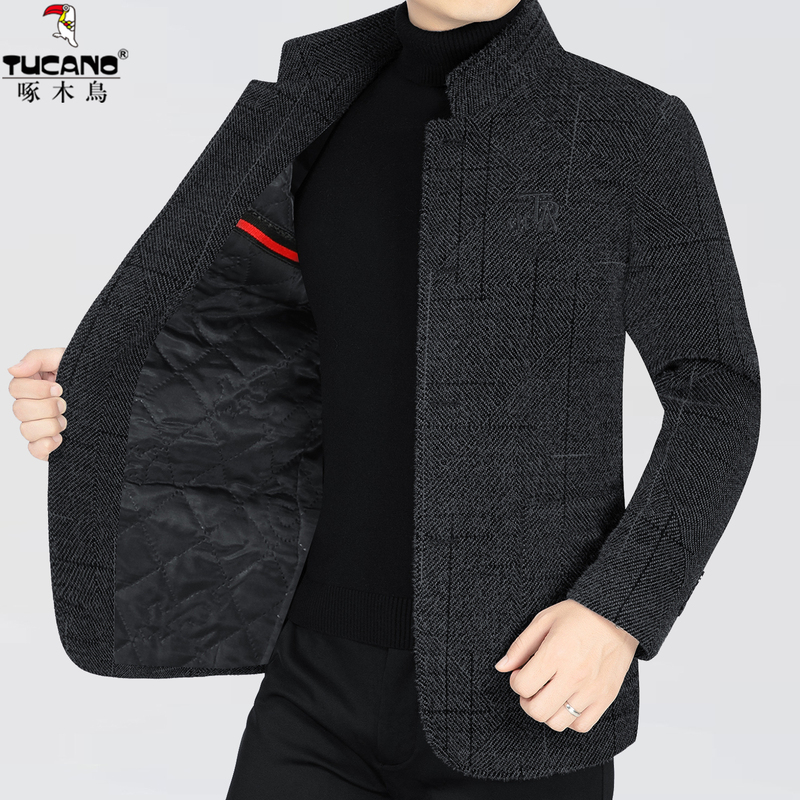 啄木鸟高端毛呢大衣男士秋冬季中年加厚外套休闲短款立领呢子夹士高清大图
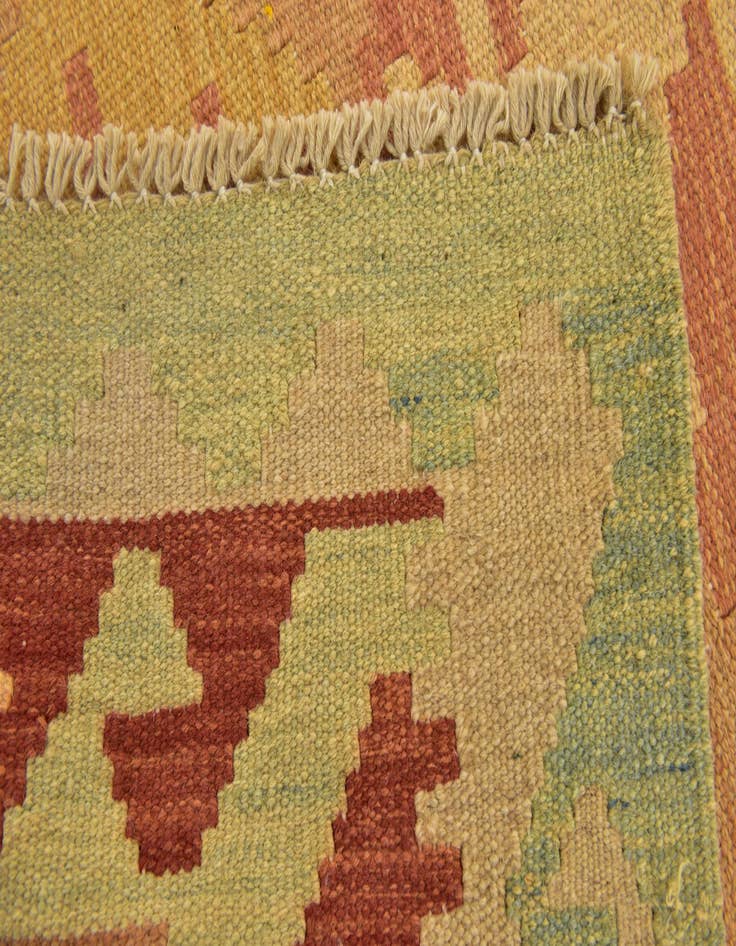 Detail image of  3' 2 x 4' 10  Hand Woven Kilim Waziri Wool Rug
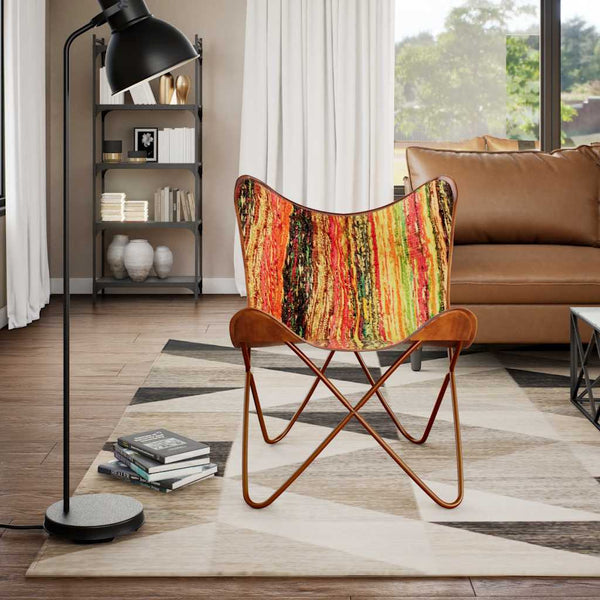 vidaXL Butterfly Chair Multicolour Chindi Fabric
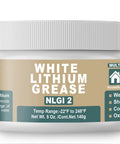 Front view of jar labeled as White Lithium Based Grease For Garage Door Tracks, Hinges And Sliding Mechanisms, Bearings And Gears Lubricant For Automotive, Marine, Industrial And Household Use, Heavy Duty EP Performance, NLGI Grade 2, 5 Oz.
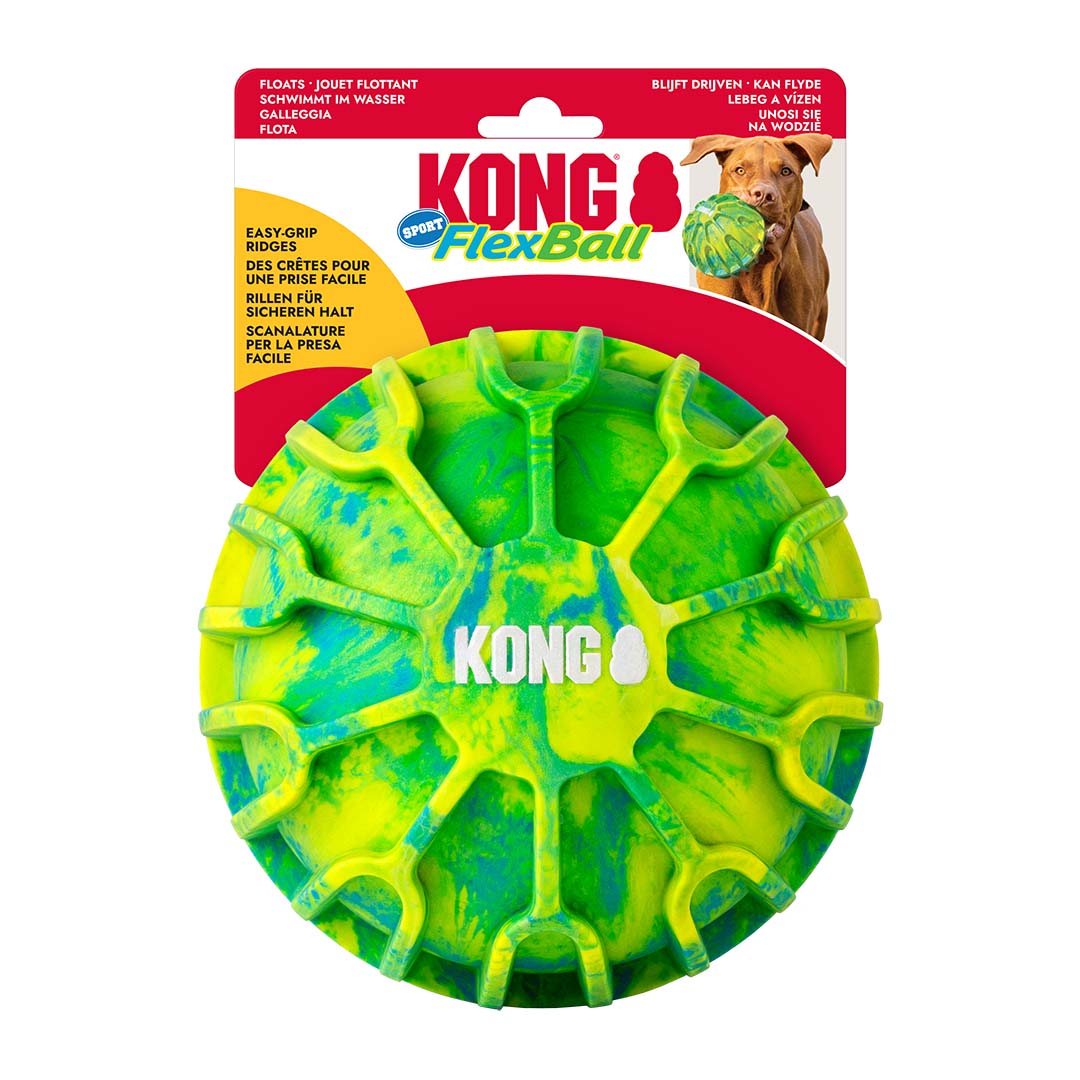 KONG Flexball Sport Ball Groen/geel - Verpakkingsbeeld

## Required work
With the images excluded, reproduce the data above precisely as written.

## Solution
 啄木鸟高端毛呢大衣男士秋冬季中年加厚外套休闲短款立领呢子夹士高清大图
 Detail image of  3' 2 x 4' 10  Hand Woven Kilim Waziri Wool Rug
 vidaXL Butterfly Chair Multicolour Chindi Fabric
 Front view of jar labeled as White Lithium Based Grease For Garage Door Tracks, Hinges And Sliding Mechanisms, Bearings And Gears Lubricant For Automotive, Marine, Industrial And Household Use, Heavy Duty EP Performance, NLGI Grade 2, 5 Oz.
 KONG Flexball Sport Ball Groen/geel - Verpakkingsbeeld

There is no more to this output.